[[ MATERIAL PROVIDED, beginning ]]
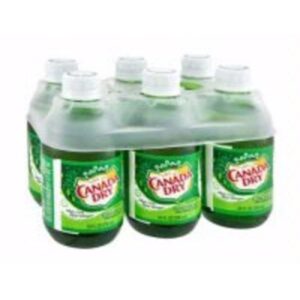 GINGER ALE - 6 PACK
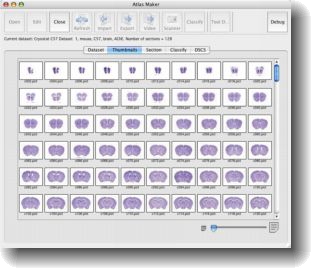 Atlas Maker thumbnails view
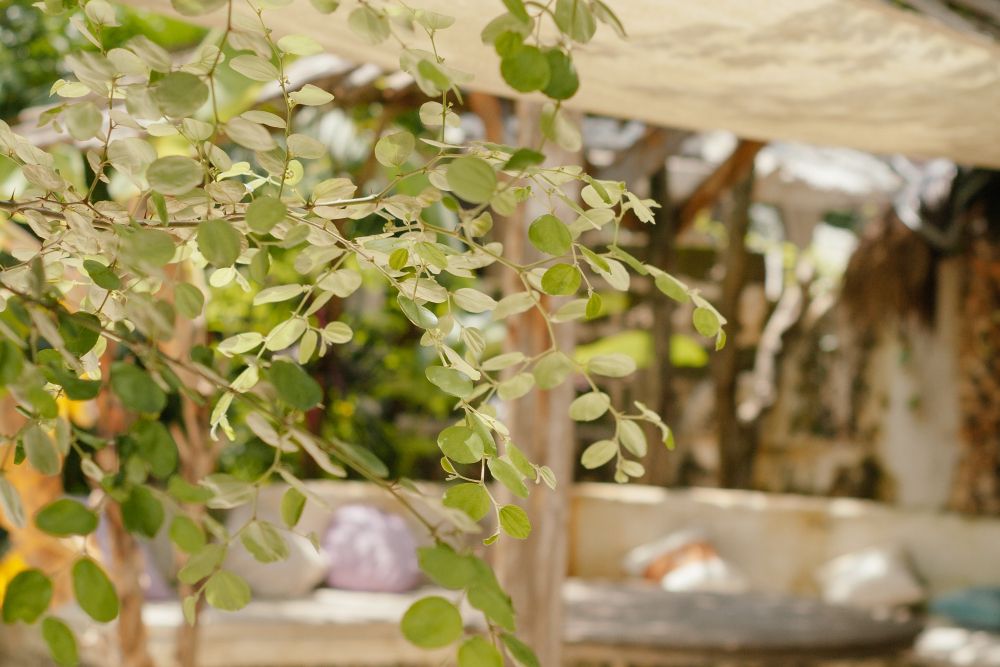 9 Tips for Caring for Your Eucalyptus Plant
[[ MATERIAL PROVIDED, end ]]
Write out the whole listing exactly. Do not include the pictures.

EXERCISE SOLUTION:
 GINGER ALE - 6 PACK
 Atlas Maker thumbnails view
 9 Tips for Caring for Your Eucalyptus Plant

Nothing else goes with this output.